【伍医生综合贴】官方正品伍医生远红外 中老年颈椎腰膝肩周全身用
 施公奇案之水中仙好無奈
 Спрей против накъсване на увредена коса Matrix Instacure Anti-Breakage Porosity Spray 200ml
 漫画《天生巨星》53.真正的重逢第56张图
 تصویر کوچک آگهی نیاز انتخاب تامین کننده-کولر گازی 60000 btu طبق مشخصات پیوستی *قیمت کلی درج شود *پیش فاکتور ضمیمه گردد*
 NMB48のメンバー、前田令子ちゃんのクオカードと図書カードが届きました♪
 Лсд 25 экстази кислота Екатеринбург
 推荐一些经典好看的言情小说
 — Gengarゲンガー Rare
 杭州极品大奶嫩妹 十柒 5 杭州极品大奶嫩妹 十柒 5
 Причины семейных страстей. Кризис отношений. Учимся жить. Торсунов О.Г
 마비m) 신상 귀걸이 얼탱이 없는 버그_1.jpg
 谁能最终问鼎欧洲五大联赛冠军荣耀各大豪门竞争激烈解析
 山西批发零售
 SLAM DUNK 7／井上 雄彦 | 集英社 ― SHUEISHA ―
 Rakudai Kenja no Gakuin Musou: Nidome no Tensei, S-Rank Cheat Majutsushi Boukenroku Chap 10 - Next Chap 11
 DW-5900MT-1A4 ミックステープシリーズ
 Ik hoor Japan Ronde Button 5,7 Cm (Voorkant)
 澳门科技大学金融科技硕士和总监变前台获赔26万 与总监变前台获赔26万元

■ **EXERCISE INSTRUCTIONS**
Please restate the preceding entries word for word.

■ **RESPONSE TO THIS EXERCISE**
【伍医生综合贴】官方正品伍医生远红外 中老年颈椎腰膝肩周全身用
 施公奇案之水中仙好無奈
 Спрей против накъсване на увредена коса Matrix Instacure Anti-Breakage Porosity Spray 200ml
 漫画《天生巨星》53.真正的重逢第56张图
 تصویر کوچک آگهی نیاز انتخاب تامین کننده-کولر گازی 60000 btu طبق مشخصات پیوستی *قیمت کلی درج شود *پیش فاکتور ضمیمه گردد*
 NMB48のメンバー、前田令子ちゃんのクオカードと図書カードが届きました♪
 Лсд 25 экстази кислота Екатеринбург
 推荐一些经典好看的言情小说
 — Gengarゲンガー Rare
 杭州极品大奶嫩妹 十柒 5 杭州极品大奶嫩妹 十柒 5
 Причины семейных страстей. Кризис отношений. Учимся жить. Торсунов О.Г
 마비m) 신상 귀걸이 얼탱이 없는 버그_1.jpg
 谁能最终问鼎欧洲五大联赛冠军荣耀各大豪门竞争激烈解析
 山西批发零售
 SLAM DUNK 7／井上 雄彦 | 集英社 ― SHUEISHA ―
 Rakudai Kenja no Gakuin Musou: Nidome no Tensei, S-Rank Cheat Majutsushi Boukenroku Chap 10 - Next Chap 11
 DW-5900MT-1A4 ミックステープシリーズ
 Ik hoor Japan Ronde Button 5,7 Cm (Voorkant)
 澳门科技大学金融科技硕士和总监变前台获赔26万 与总监变前台获赔26万元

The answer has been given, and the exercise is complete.